Universities abandon language programs to our economic cost

“Australian businesses looking for alternative markets to China during the current trade tensions could have their efforts undermined by the closure of language programs by a number of our universities,” Innes Willox, Chief Executive of the national employer association Ai Group said today.

“La Trobe University and Murdoch University have both announced that they will close their Indonesian programs this year, continuing a long-term and disturbing national trend of reducing the number of student places in ASEAN languages. There is talk that other institutions will follow suit.

“There is an economic cost to these decisions and it is an own goal for us to reduce our regional language expertise at a time when exports to ASEAN are expanding. Ai Group is this year issuing more Certificates of Origin for exports to ASEAN than China with 25% issued for China compared with 30% for ASEAN. To maintain and grow our regional markets requires a workforce that is literate in Asian language and culture.

“We have been talking about the need to develop an Asia Ready Workforce Strategy for more than a decade and such an approach is needed now more than ever. We need businesses that understand regional languages, culture, politics and legal hurdles and without the foundation of school and university language programs this is potentially a lost cause.
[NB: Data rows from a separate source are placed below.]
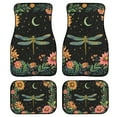 thumbnail image 1 of Jeiento Dragonfly Car Floor Mats Floral Carpets Non-Slip Vehicle Rugs Floor Carpet Universal Fit for Most Cars SUV Truck Van, 4 Pcs Set, 1 of 1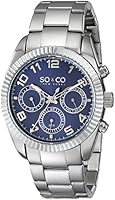 So & Co New York Madison Men's Quartz Watch with Blue Dial Analogue Display and Silver Stainless Steel Bracelet 5009.2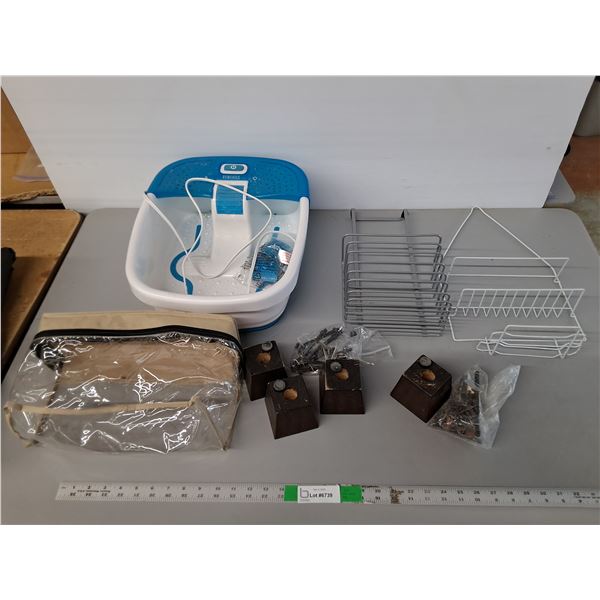 (2) Shower Caddies, Homedics Footbath- Powers On, Storage Bag, Misc. Pickup Preferred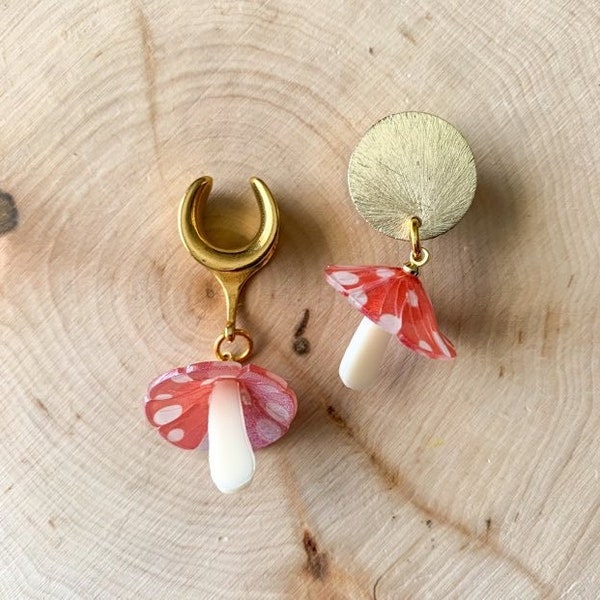 8g (3mm) - 1 3/16 (30mm) Small Mushroom Saddles Hiders Drop Dangle Earrings Gauges/Earplugs Plugs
“We have just signed up to Regional Comprehensive Economic Partnership, and are just starting to capitalise on IACEPA, the new FTA with Indonesia and this appears to be a short-sighted decision that ignores anticipated demand. A key plank of IACEPA is a skills exchange program between related companies in Indonesia and Australia and if employers don’t have access to Australian staff with some Indonesian language skills they won’t be able to benefit from the program.

“There is a lot of talk about the need for businesses to find alternative markets to manage the increased risk of relying on China. Indonesia, and ASEAN in general, are the most viable alternatives to China and we need a skilled workforce to capitalise on opportunities,” Mr Willox said.